====== Data for review ======

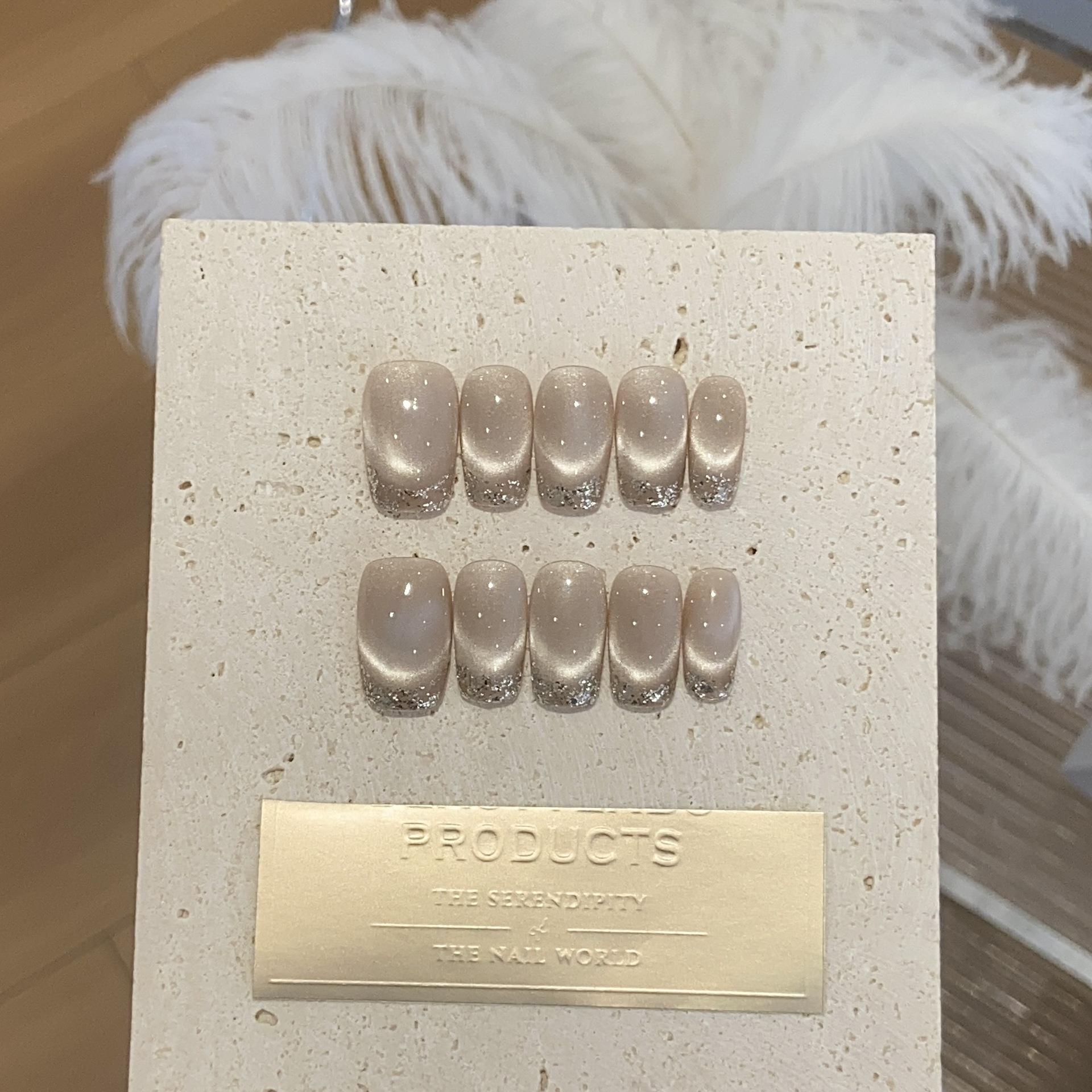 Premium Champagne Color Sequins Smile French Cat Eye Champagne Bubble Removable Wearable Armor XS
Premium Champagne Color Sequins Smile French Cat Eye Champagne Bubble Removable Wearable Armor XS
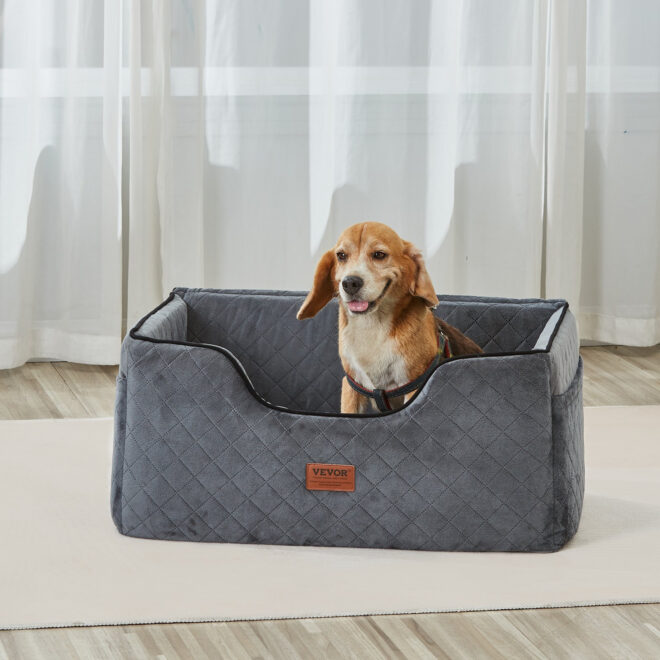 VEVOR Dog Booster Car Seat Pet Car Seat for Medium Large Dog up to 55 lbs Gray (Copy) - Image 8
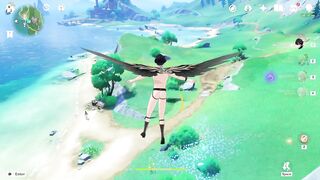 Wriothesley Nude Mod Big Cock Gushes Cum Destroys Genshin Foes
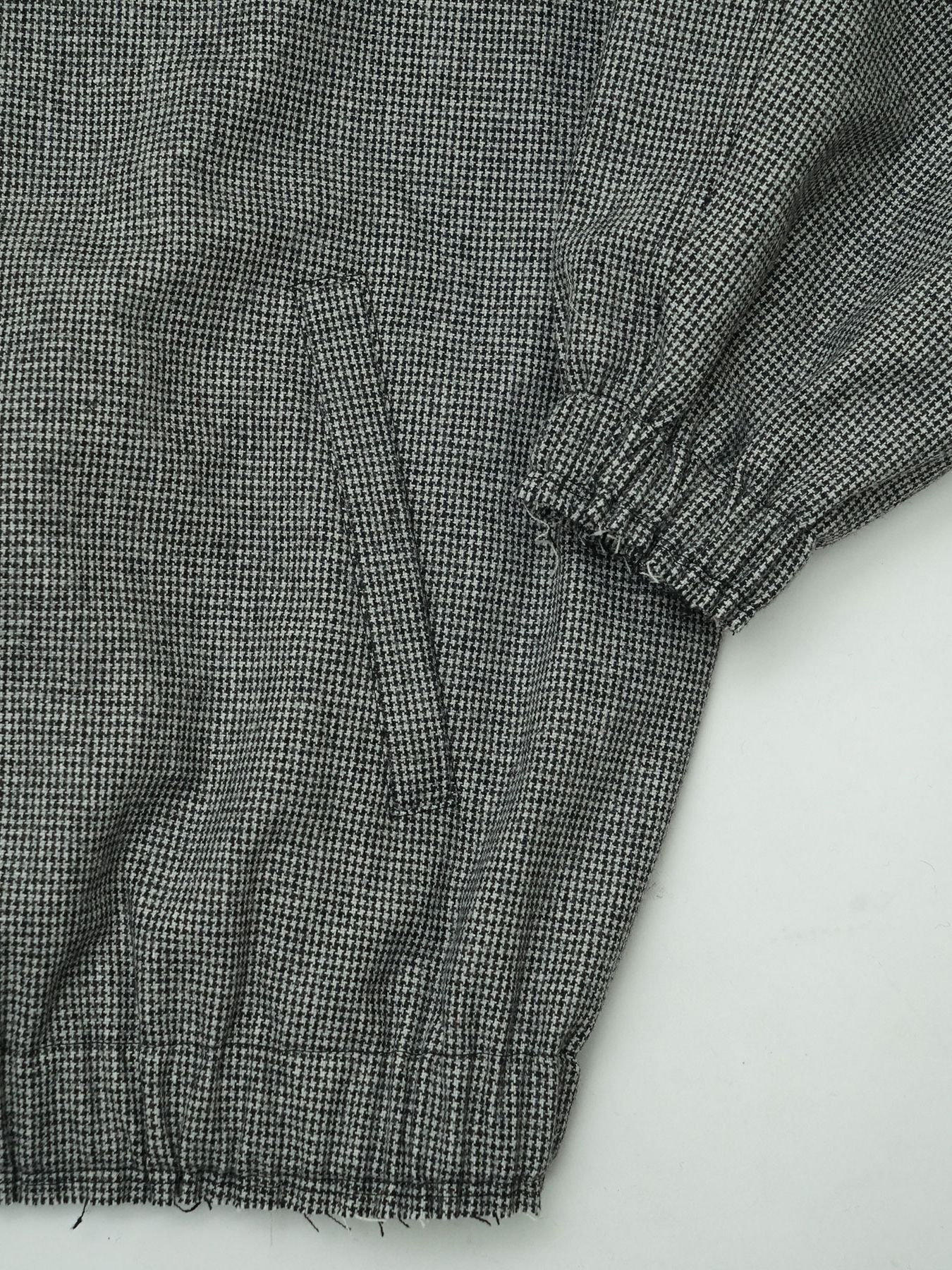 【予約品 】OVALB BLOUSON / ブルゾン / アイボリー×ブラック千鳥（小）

======
====== Data for review ======

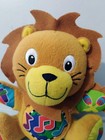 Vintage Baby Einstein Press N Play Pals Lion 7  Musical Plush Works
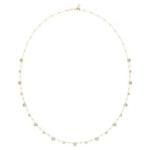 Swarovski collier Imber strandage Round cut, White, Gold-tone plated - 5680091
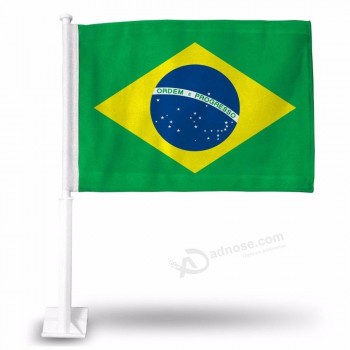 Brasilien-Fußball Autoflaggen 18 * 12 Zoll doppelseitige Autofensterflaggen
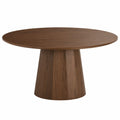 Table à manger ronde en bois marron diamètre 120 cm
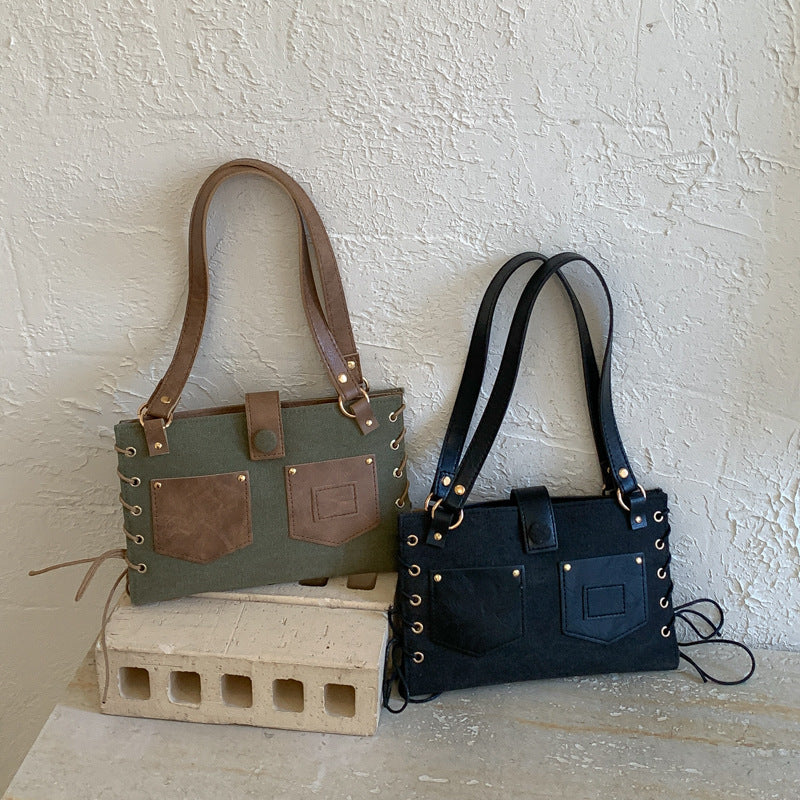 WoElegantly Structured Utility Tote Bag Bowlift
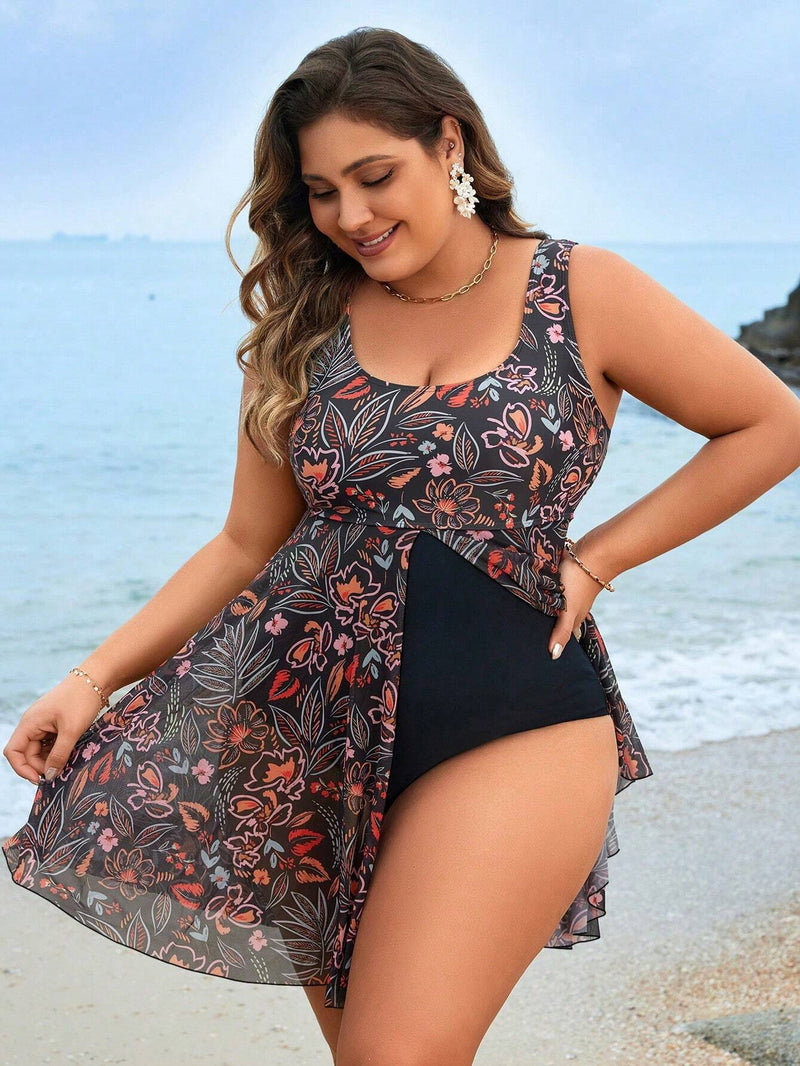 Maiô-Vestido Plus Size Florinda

======
====== Data for review ======

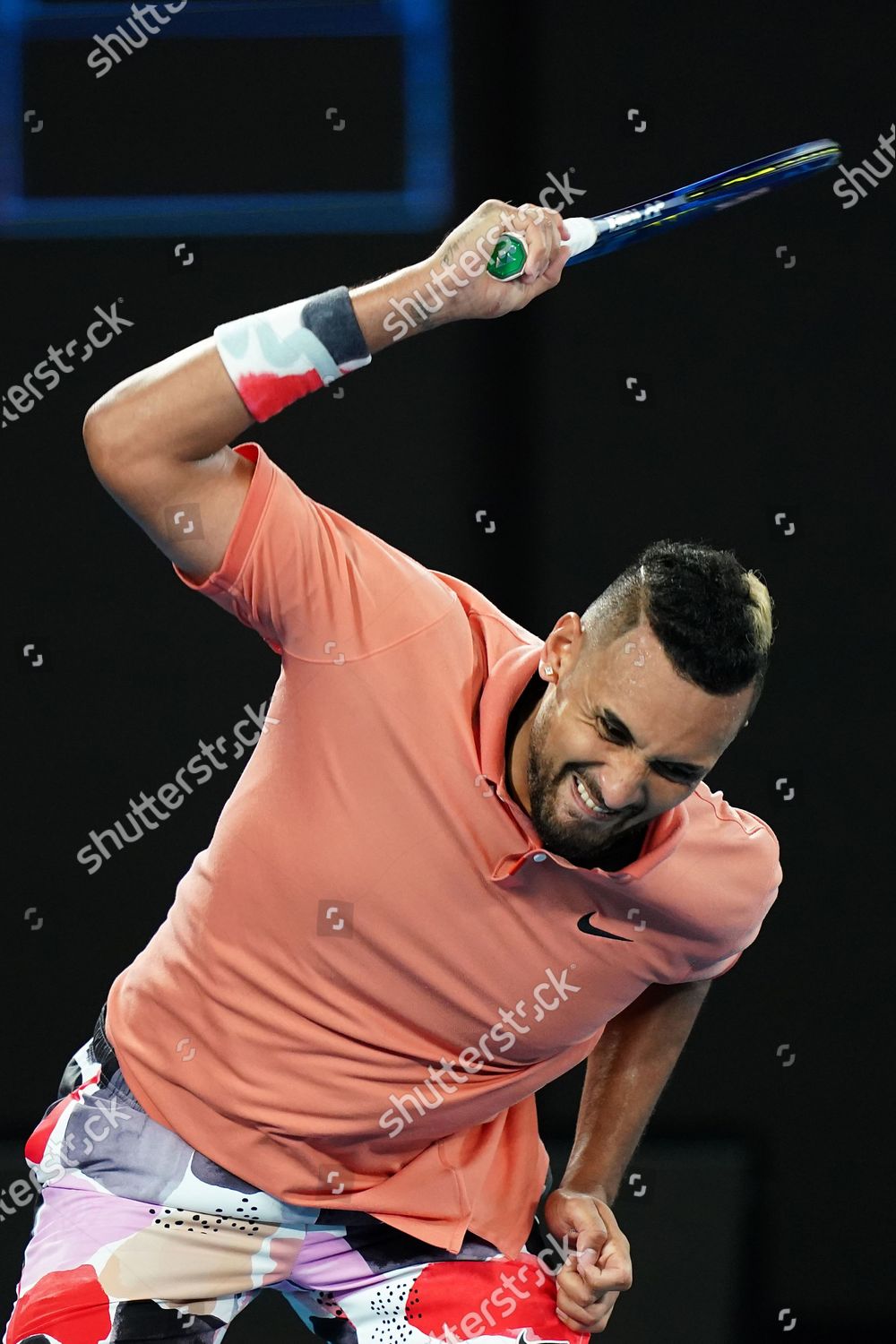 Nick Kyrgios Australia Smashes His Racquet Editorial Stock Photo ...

======

Work request =>
Beginning at the line that has "Vintage Baby Einstein" and ending at the line that has "Maiô-Vestido Plus Size Florinda", restate the listing above word for word, pictures left out.

The answer =>
 Vintage Baby Einstein Press N Play Pals Lion 7  Musical Plush Works
 Swarovski collier Imber strandage Round cut, White, Gold-tone plated - 5680091
 Brasilien-Fußball Autoflaggen 18 * 12 Zoll doppelseitige Autofensterflaggen
 Table à manger ronde en bois marron diamètre 120 cm
 WoElegantly Structured Utility Tote Bag Bowlift
 Maiô-Vestido Plus Size Florinda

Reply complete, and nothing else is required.